What are the health insurance rebate tiers?

The Australian Government applies an income test to determine if you are eligible for the rebate. These will be changed over time. Single parents and couples (including de facto couples) fall under the family thresholds.

In addition to the health insurance rebate, there's Medicare Levy Surcharge (MLS) exemption. The MLS is extra tax payable for not holding private health insurance, so MLS exemption is a tax offset for having private health insurance. This means people who choose to use the public health system, even if they can afford private health insurance, are paying more in taxes to help fund Medicare.

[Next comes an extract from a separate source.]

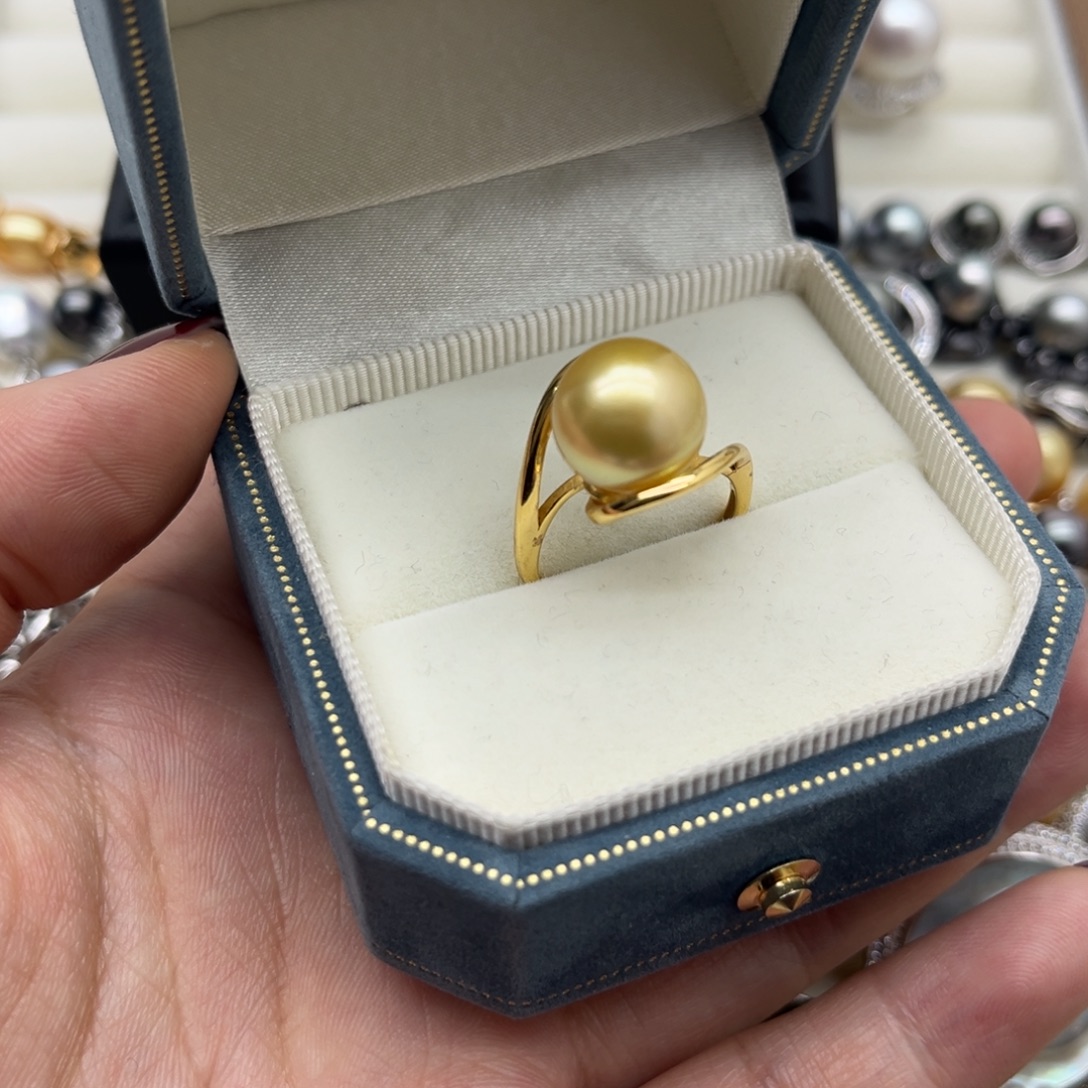 戒指海水珍珠银S925镶嵌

For example, a single person under the age of 65 with eligible income of $100,000 a year would be in the Tier 1 threshold. Their Private Health Insurance Rebate would be 16.943% and their Medicare Levy Surcharge would be 1%.

This means they can get a 16.943% discount on health insurance premiums as well as a 1% tax offset, for having suitable private health insurance.

The income thresholds below are locked in until 30 June 2021, while the rebate amount is adjusted every year based on inflation and the average cost of health insurance. The rebate levels shown below are applicable from 1 April 2018 to 31 March 2019.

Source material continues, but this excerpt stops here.